Forming strings from character data containing partial characters can result in data corruption.

Rule

Severity

Likelihood

Remediation Cost

Priority

Level

STR00-J

Low

Unlikely

Medium

P2

L3

Automated Detection

ToolVersionCheckerDescription
Parasoft Jtest
2023.1
CERT.STR00.COSDo not use String concatenation in an Internationalized environment

Bibliography



11 Comments

  1. I've changed the description in the front from Shift JIS to UTF-8 for a variety of reasons, but mainly because it is used in the examples.  I removed the following statement that applies to Shift JIS but not UTF-8 and therefore did not apply to the examples:

    The trailing byte ranges overlap the range of both the single-byte and lead-byte characters. When a multibyte character is separated across a buffer boundary, it can be interpreted differently than if it were not separated across the buffer boundary; this difference arises because of the ambiguity of its composing bytes [Phillips 2005].

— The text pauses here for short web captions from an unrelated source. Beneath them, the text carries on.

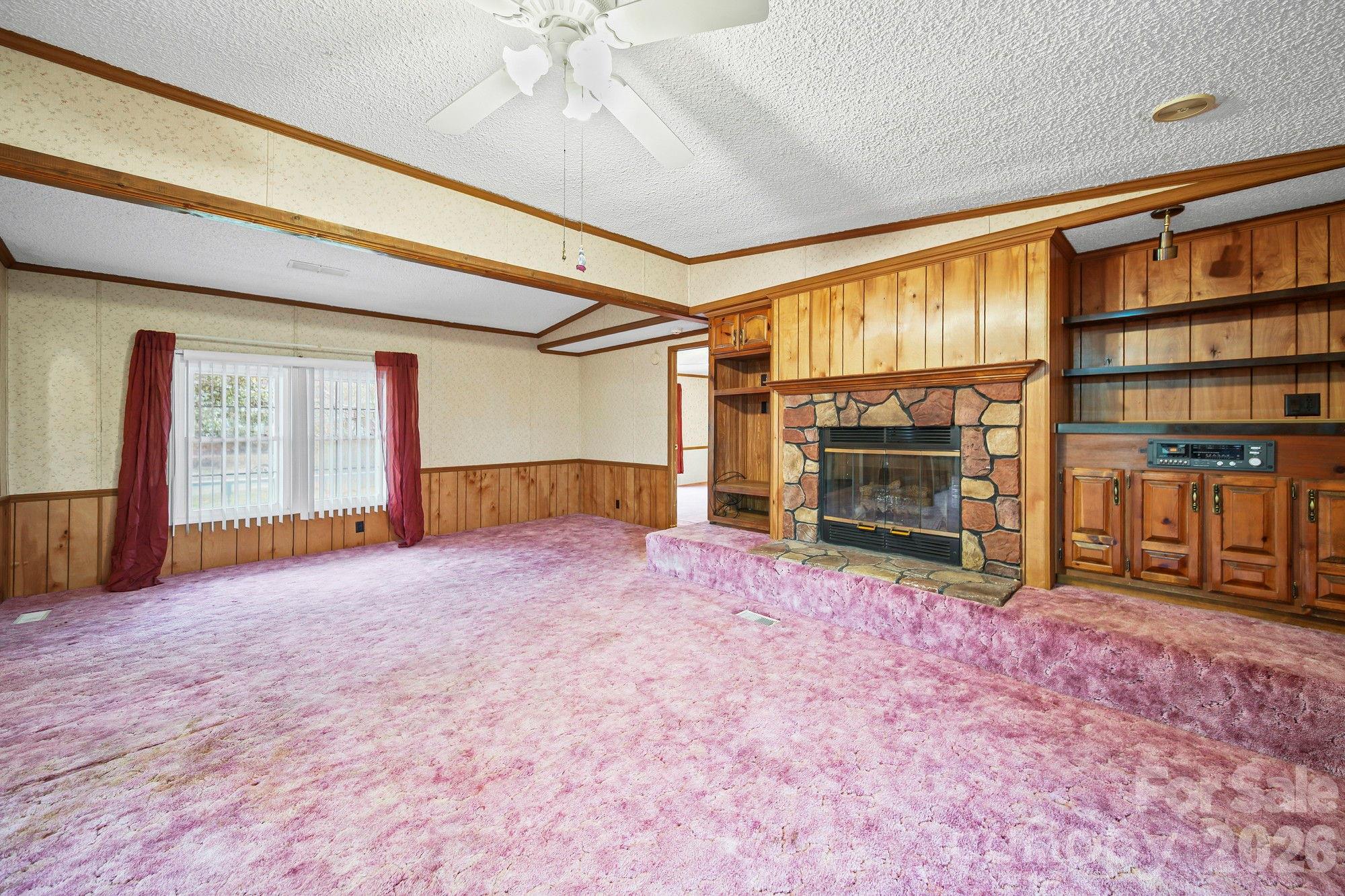 Single Family Residence at 1015 Southwood Drive, Clover, photo 5 of 22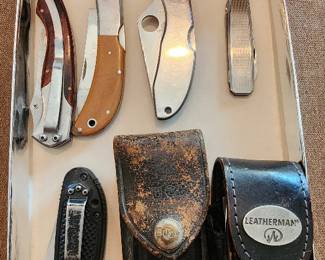 POCKET KNIVES KNIFE (LEATHERMAN SOLD)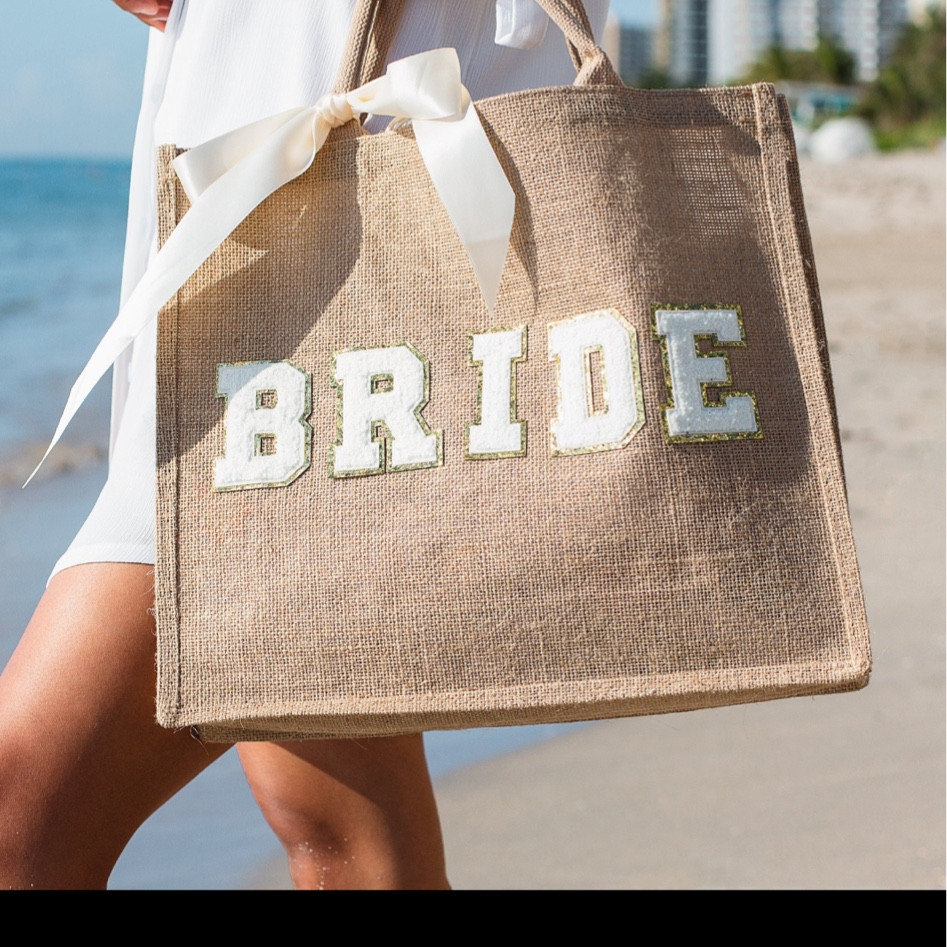 Engagement Gift Guide! 

#LTKGiftGuide #LTKFind #LTKwedding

    Here is a description of some of the differences between these encodings:

    • UTF-8 is self-synchronizing: character boundaries are easily identified by scanning for well-defined bit patterns in either direction. If bytes are lost due to error or corruption, one can always locate the beginning of the next valid character and resume processing. Many multi-byte encodings are much harder to resynchronize.
    • Any byte oriented string searching algorithm can be used with UTF-8 data, since the sequence of bytes for a character cannot occur anywhere else. Some older variable-length encodings (such as Shift JIS) did not have this property and thus made string-matching algorithms rather complicated. In Shift JIS the end byte of a character and the first byte of the next character could look like another legal character, something that can't happen in UTF-8.
  2. There are a number of ways to refer to encodings like UTF-8 and Shift JIS including:  multibyte, variable-width, variable-length, and byte encodings.

    I've gone here with "variable-width".  I don't like "multibyte" because it applies to an encoding like UTF-32 where each character uses four bytes.

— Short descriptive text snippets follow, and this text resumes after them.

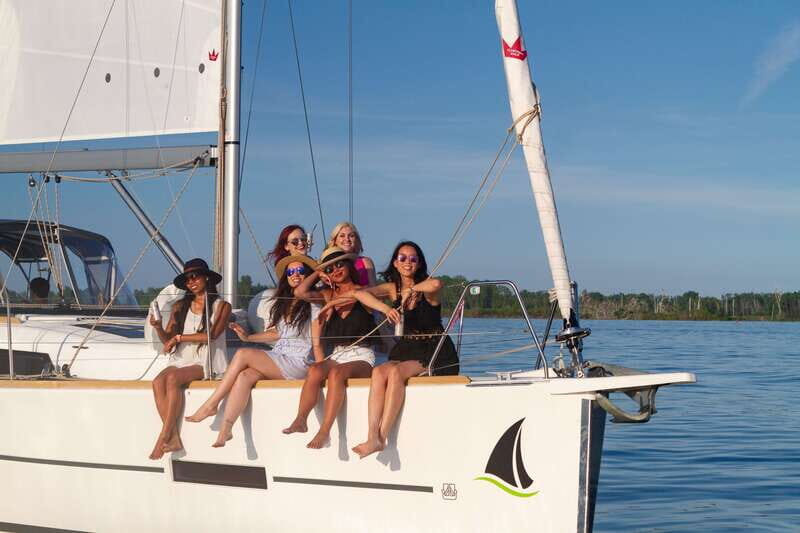 Toronto: Sailing Yacht Cruise of Toronto Harbor and Islands - Why This Tour Offers Great Value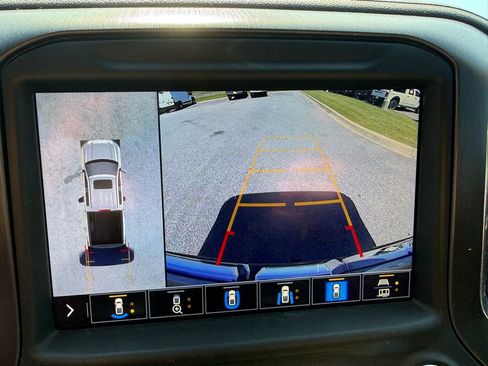 Used 2021 GMC Sierra 1500 AT4 w/ AT4 Value Package image 20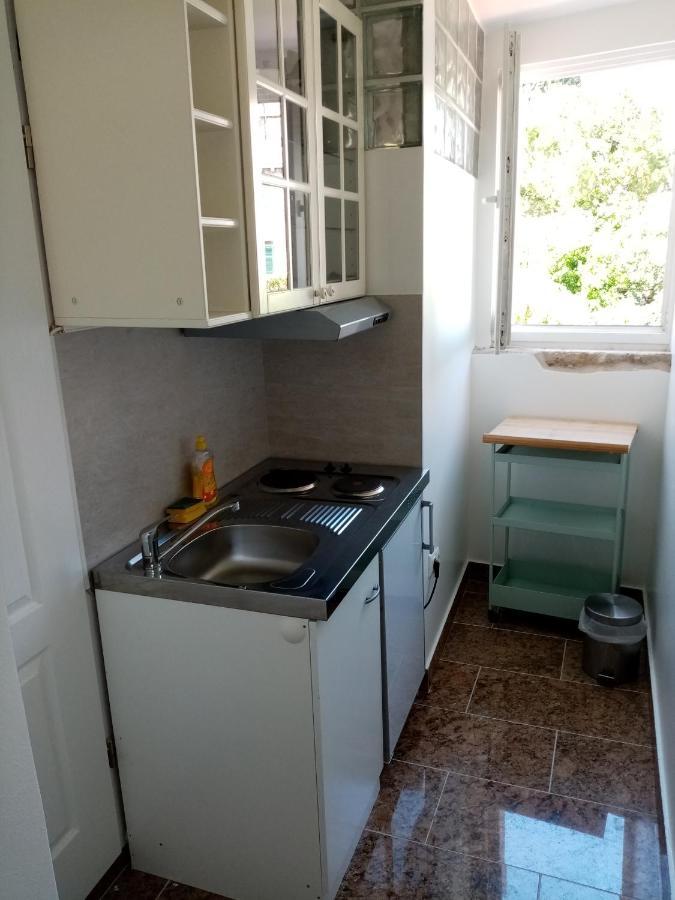 Casa Di Marko 105 M2 Garden Apartment Ровин Екстериор снимка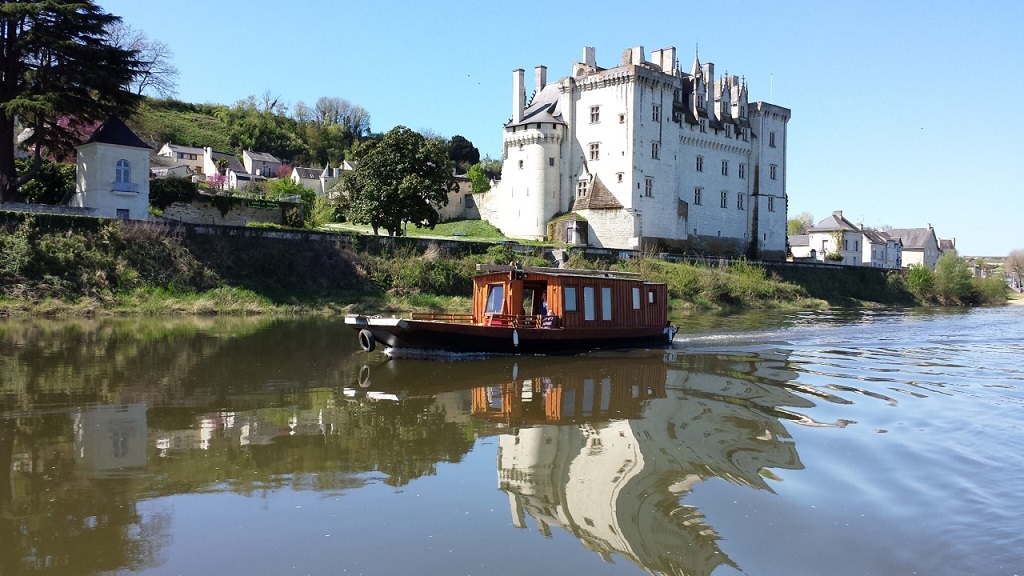 Nuit romantique dans un bateau de Loire avec dîner aux chandelles sur une île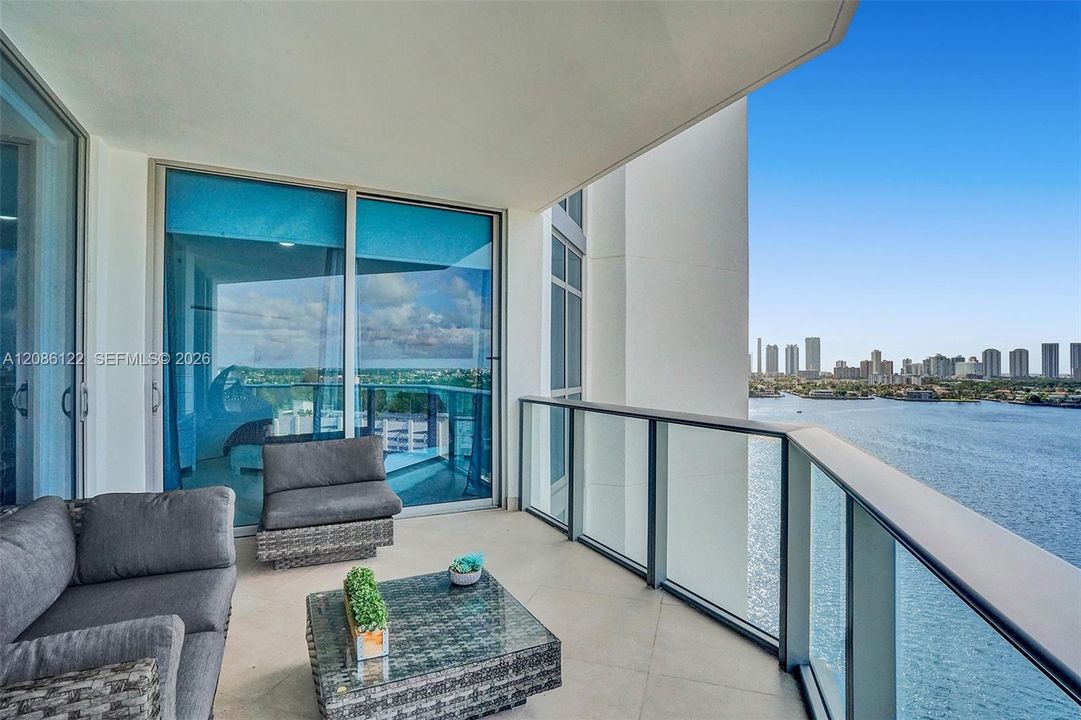 На продажу: $985,000 (2 спален, 2 ванн, 1736 Квадратных фут)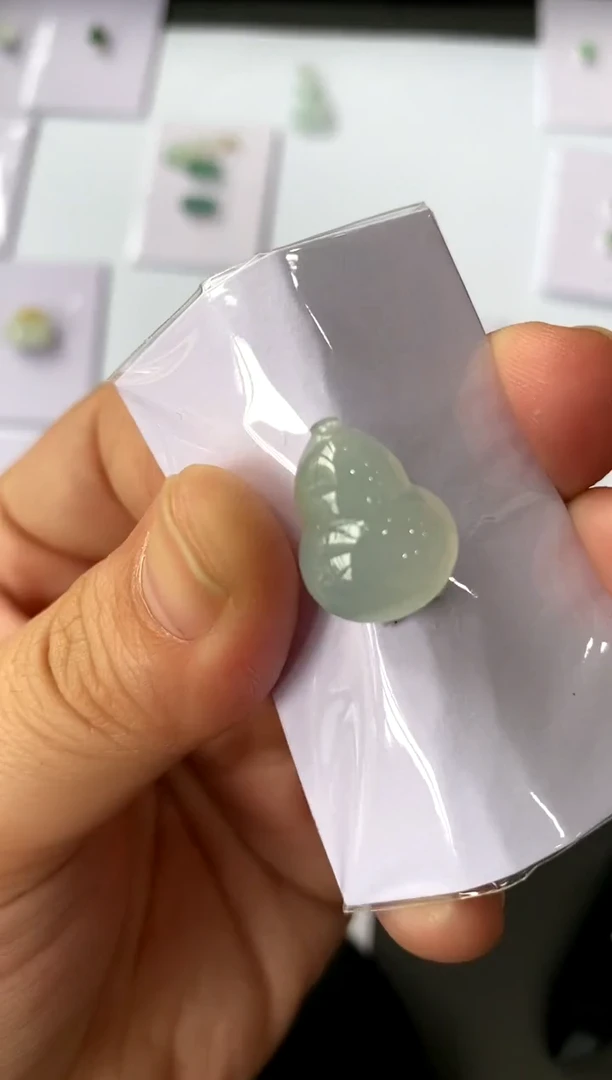 【闪购商品】定制翡翠18K金镶嵌葫芦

    I went with width over length just because of wide characters in C and other stuff I'm used to, I suppose.  The term "variable-width" is also used on this page: http://www.unicode.org/faq/utf_bom.html

  3. A better table for illustrating how UTF-8 is encoded in 4 bytes
    https://en.wikipedia.org/wiki/UTF-8#Description

    This rule smells like a FIO rule right now, prob b/c of the exmaples.

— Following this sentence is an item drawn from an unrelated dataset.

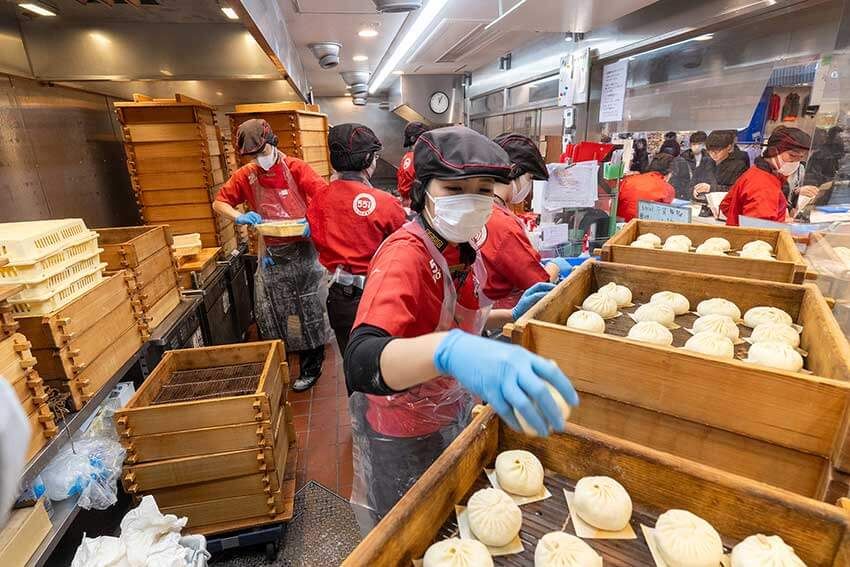 客から見える場所で、次々と豚まんが出来あがっていく、本店の厨房の様子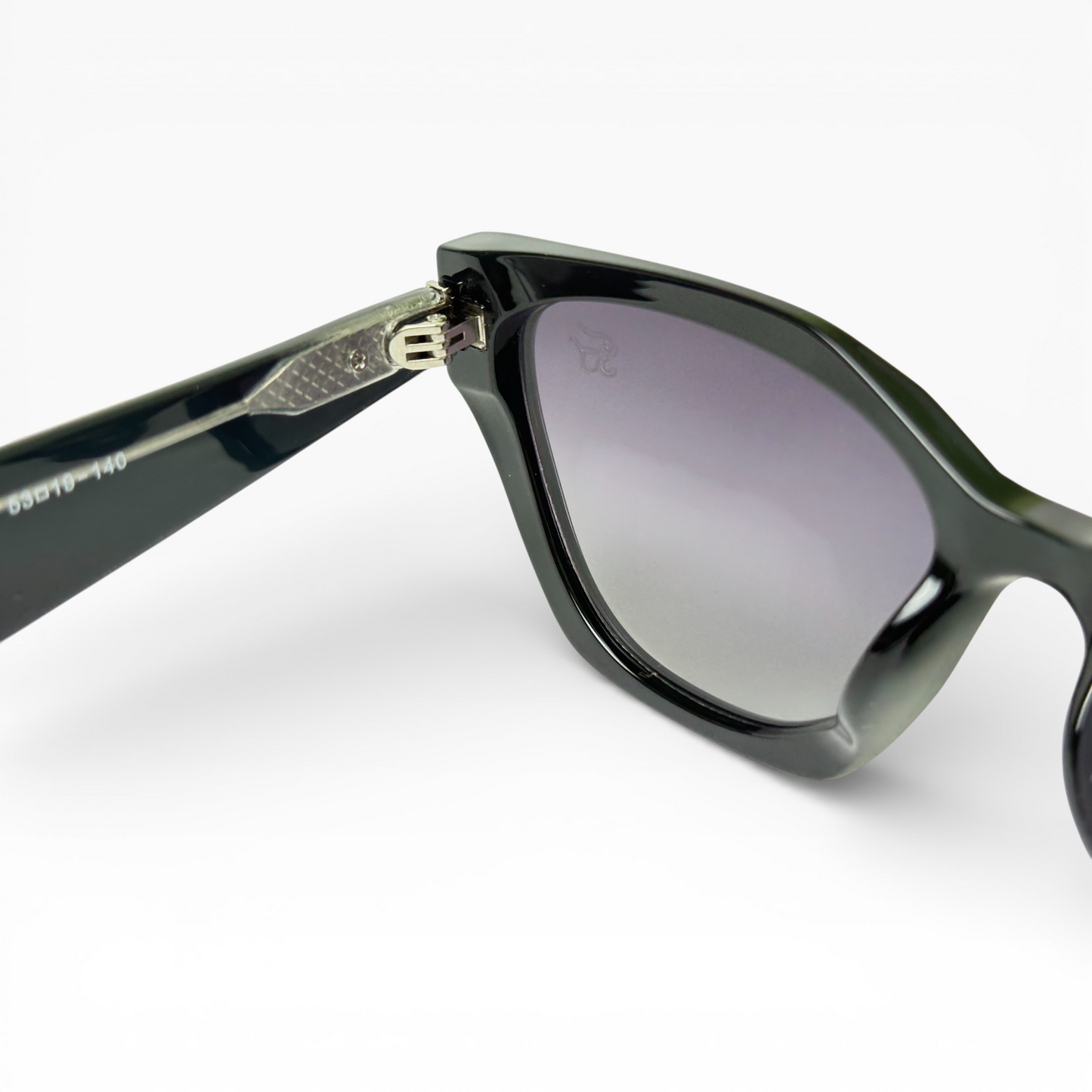 Óculos de sol - Solano Preto Polarizado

    I think this rule and STR03-J could be merged to make a stronger rule "don't build strings from byte arrays that are not designed to hold a complete String"

    1. I think that STR is definitely the correct home for this rule.

      Concerning your last point, I think that you mean STR01-J.  There are certainly similarities, and the example here is almost the same as the first example in STR01-J.  However, combining the two might make an overly complicated rule.  Perhaps it would be better to insert a reference to STR01-J in this rule.  (There is already a reference to this rule in STR01-J.)

      1. Yes, I think I would like to keep them separate.  The biggest difference to me is that for STR01-J you also need to be concerned about operations using the various string types because these are all UTF-16 encoded.

  4. There seems to be 2 additional errors in the non-compliant code fragment.

    • readBytes is added to offset before the new string is constructed, thus the new string will not consist of the read data.
    • Creation of the new string from the input takes always the rest of the buffer into account. The more precise code would be
      str += new String(data, offset, bytesRead, "UTF-8");

     

     

     

    1. Thanks, I've fixed all the code samples to read text properly. The NCCE correctly reads text if it does not break up a variable-width character.

  5. The priority and level scores for STR00-J on the parent page (P12, L1) disagree with those on this page (P2, L3). Which is correct?

    1. The scores on this page (P12, L1) are correct, I've fixed the parent page.

      1. That was fast! Thanks!

  6. The last line of that UTF-8 table doesn't seem right.